/crg-turtle

Turtle parser for CRG

Primary LanguageClojure

Turtle

A Turtle loading module for CRG (Clojure RDF Graphs). Meets the grammar for the W3C Proposed Recomendation (09 Jan, 2014).

Specifically aimed at parsing for Clojure. To this end, XSD strings (which includes previously "untyped" literals) are returned as strings, doubles and decimals are returned as doubles and integers are returned as longs. All other datatypes get returned as a Literal record, which contains the lexical form, the datatype, and the language code. As for normal RDF literals, the language code is only available if the datatype is a string (no datatype implies a string).

The parser now always returns keywords rather than IRIs. If an IRI is represented as a QName, then it will be converted to a keyword instead of a IRI. If present as a raw IRI, then it will be scanned for an appropriate prefix, and converted to a QName. QNames are required for predicates anyway, so this protects against the use of IRIs in that position. Clojure applications also work much more conveniently and efficiently with keywords. Keywords can be converted back into IRIs using the prefix-map from the parser.

Note that it is possible for the parser to generate Keywords with a namespace and and empty name.
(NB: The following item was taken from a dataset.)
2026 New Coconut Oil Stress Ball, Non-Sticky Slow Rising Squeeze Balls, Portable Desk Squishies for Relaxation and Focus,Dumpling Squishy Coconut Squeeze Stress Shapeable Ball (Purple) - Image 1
This is legal both as a QName and as a Keyword, though Clojure does not have a literal representation for nameless Keywords.

It is not difficult to have the parser return IRIs when QNames were not specified (this was the original mode of operation for the parser), so if this need arises then IRIs (or URIs) may be included easily. Keywords are used as these have a more efficient representation, are more compatible with Clojure, and because there is no standard implementation of IRI available. Jena includes one, but this involves a lot of validity checking that would slow down parsing. Also, this project is explicitly trying to avoid third-party non-Clojure libraries (Beaver notwithstanding - it's here because it generates the fastest parsers).

Java and Clojure

While this project uses Beaver as the parser generator, the only Java code written for the project is the bare minimum to glue Beaver to the Clojure code that does the work.

Requirements

  • JVM 1.6 or greater
  • Clojure 1.5.1 or greater

These requirements are due to precompilation of the library. It can be compiled and run with earlier versions of Java and Clojure, but the user will need to download the sources and build it themselves.

Installation

Add the following dependency to a leiningen project.clj:

  [org.clojars.quoll/turtle "0.2.2"]

Usage

The parser is in crg.turtle.parser.

Calling crg.turtle.parser/create-parser will return a parser object. An object is necessary here because parsing is done lazily, and the prefixes are accumulated out of band but can be updated at any point during the parsing operation.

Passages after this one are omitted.